The framework is extensible by design and can easily accommodate new database types if required. Adding support for a new database type to the framework will only require the implementation of 3 new classes to deal with database connection, result set iteration and type conversion. There is no need to implement the result set comparison logic again, because this functionality is already implemented in the abstract parent class based on string map iterators in a database-agnostic way. An added benefit of this architecture is that the result sets from the new database can be compared to any other result sets supported by the DB framework or even hardcoded collections, such as a Cucumber data table, out of the box without any extra work. It is therefore very easy to introduce the DB framework in any test automation project that requires database result set comparison or validation.
Conclusion
Big data presents significant challenges for test automation.
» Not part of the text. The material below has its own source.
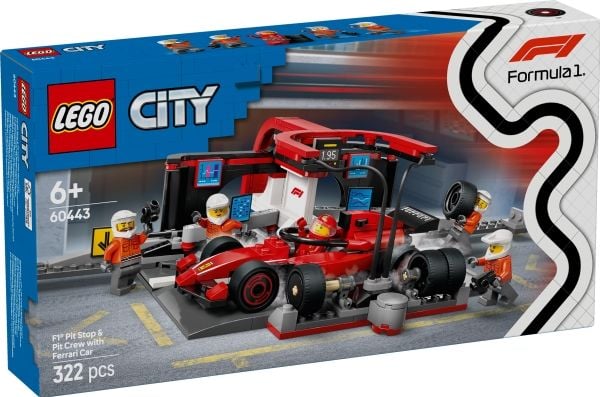 LEGO City 60443 F1-depotstopp og -team med Ferrari-bil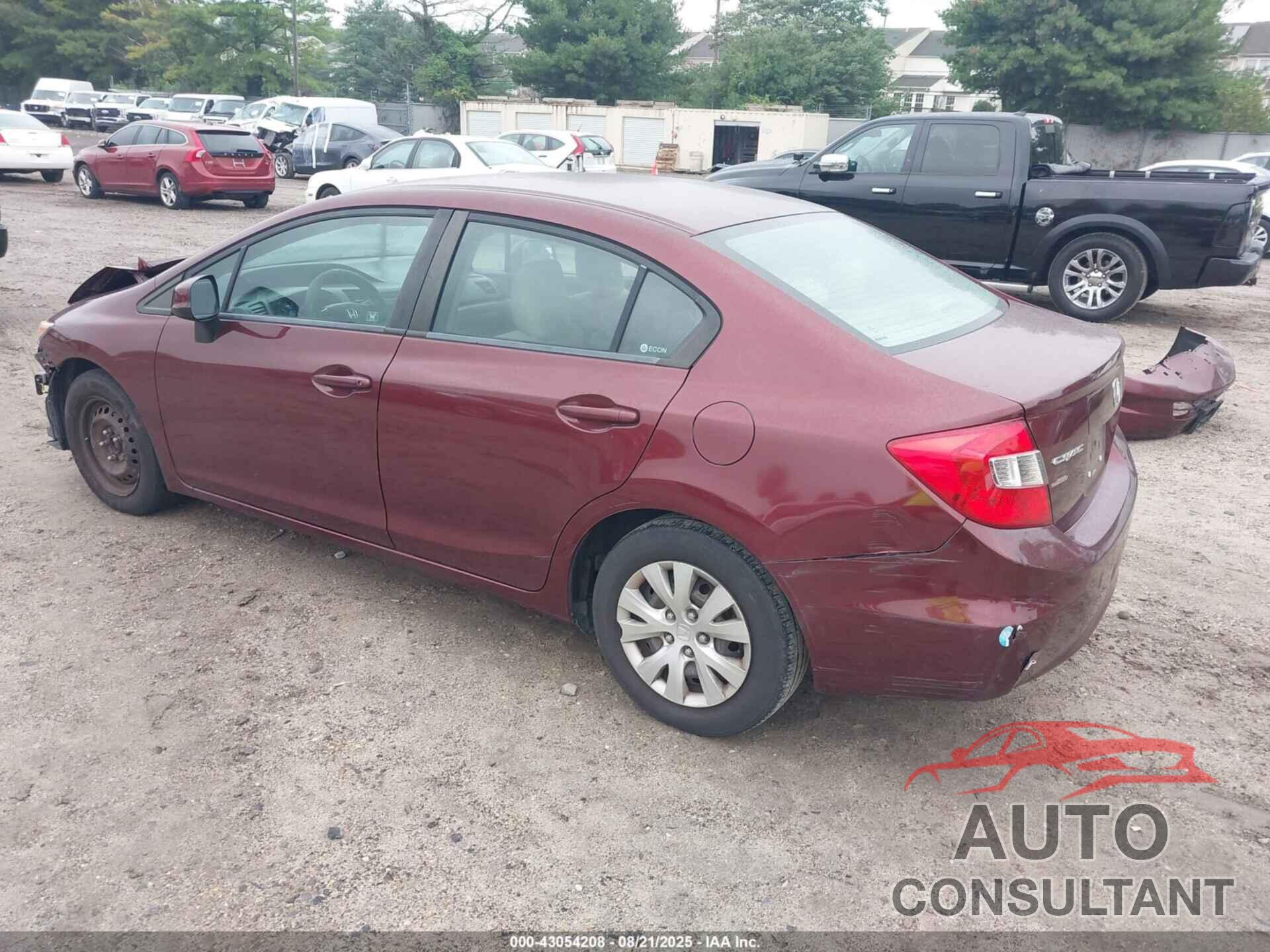HONDA CIVIC 2012 - 2HGFB2F53CH568053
The ETL data pipeline in one of our client’s projects processed large amounts of data that had to be validated against business rules in automated regression test scripts. The pre-existing scripts were not efficient enough to validate millions of rows of data in reasonable time and had to rely on random sampling instead, which made test results unreliable. Low trust in data quality at source provided extra motivation to validate the entire dataset. Furthermore, result sets from two different databases had to be compared for data validation, making direct row comparison impossible due to different native column types and iteration logic, which presented a major technical challenge in its own right. Implementation of a new database test automation framework was therefore required to address these challenges, which this document has described in detail.
A modular framework architecture was designed to separate complexity into several abstraction layers that enabled easy code reuse and maintenance. The primary design objectives included high performance on large datasets, convenience of use in test automation projects and easy extensibility to add support for other database types in the future. The framework achieved its objectives and provided significant benefits to the project by reducing the test implementation complexity, increasing test coverage by enabling full result set validation, as opposed to random samples, and ensuring acceptable test execution times even on datasets containing millions of records.
With only minimal configuration, the framework is easy to integrate into new test automation projects. Extension to support new databases is also easy, with only 3 new classes required for each new database. The core result set comparison and validation logic are implemented on abstract iterators and can be used to compare result sets between any supported database types or hardcoded collections without any changes.